Quango Cuts

The final list of the public bodies to be culled in the widely trailed cuts in quango’s put forward by the Coalition Government has been announced today. The full (28 page) list is available here.

Notable losses include the Office of Fair Trading on which a consultation is to be launched in the New Year and the Tenant Services Authority. Both of these are to be merged into other bodies and some of their powers are to be abolished altogether.

The Valuation Tribunal, Residential Property Tribunals, Rent Assessment Committee, Leasehold Valuation Tribunal and possibly the Agricultural Land Tribunal will join other tribunals as part of the Tribunals Service.

The Land Registry is to be retained but with increased private sector funding (presumably this is code for a partial sell-off).

The Leasehold Advisory Service (LEASE) remains under threat and the National Tenant Voice is to be abolished.

The Independent Housing Ombudsman is to be retained.

Interestingly the Legal Services Ombudsman, which only opened its doors on 1 October is to be closed again almost immediately.


  • Peter Smith 14th October 2010 at 5:15 pm

    Apart from the OFT and Land Registry I’ve never heard of any of these.

    You don’t appear to be correct about the Legal Services Ombudsman opening its door only on October 1st. It dealt with almost 4,000 cases last year, the number growing each quarter but even when it awarded compensation, the sum averaged only between £200 and £300,so why anyone bothered I don’t know.

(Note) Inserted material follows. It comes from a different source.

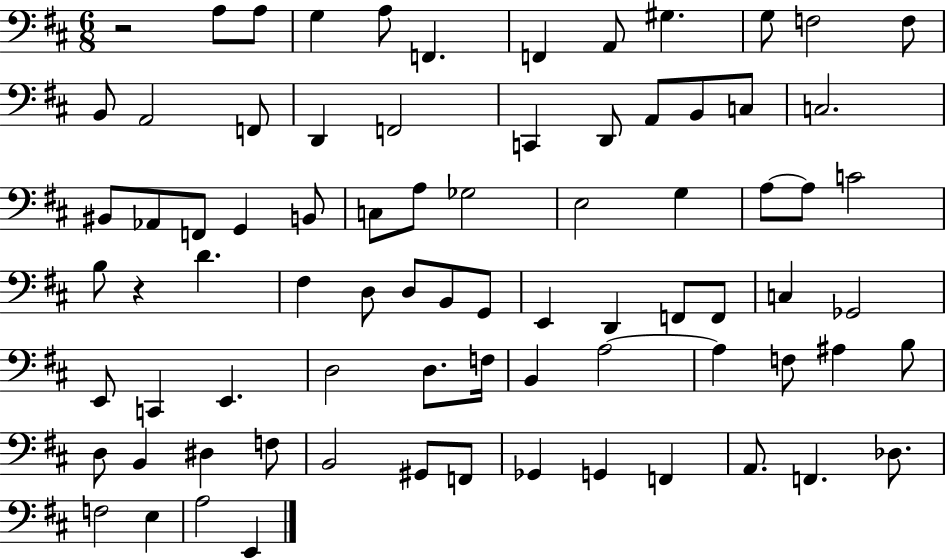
R/h A3/e A3/e G3/q A3/e F2/q. F2/q A2/e G#3/q. G3/e F3/h F3/e B2/e A2/h F2/e D2/q F2/h C2/q D2/e A2/e B2/e C3/e C3/h. BIS2/e Ab2/e F2/e G2/q B2/e C3/e A3/e Gb3/h E3/h G3/q A3/e A3/e C4/h B3/e R/q D4/q. F#3/q D3/e D3/e B2/e G2/e E2/q D2/q F2/e F2/e C3/q Gb2/h E2/e C2/q E2/q. D3/h D3/e. F3/s B2/q A3/h A3/q F3/e A#3/q B3/e D3/e B2/q D#3/q F3/e B2/h G#2/e F2/e Gb2/q G2/q F2/q A2/e. F2/q. Db3/e. F3/h E3/q A3/h E2/q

    In general quangos have a bad name as part of the gravy train, but some tribunals are necessary and do good work and some matters have to be independent of political masters.

    • PainSmith 14th October 2010 at 6:00 pm

      You may be confusing the Legal Complaints Service which has been running for some time and the Legal Ombudsman which was created by the Legal Services Act and started its work on 1 October.

  • R France 15th October 2010 at 6:23 am

    There are two separate bodies. The Legal SERVICES Ombudsman has been around for some 15 years, and its only being closed down because it has been replaced by the Legal Ombudsman (a service which now has a wider remit). So, in this case, there was no loss of a quango but a change of name, effectively.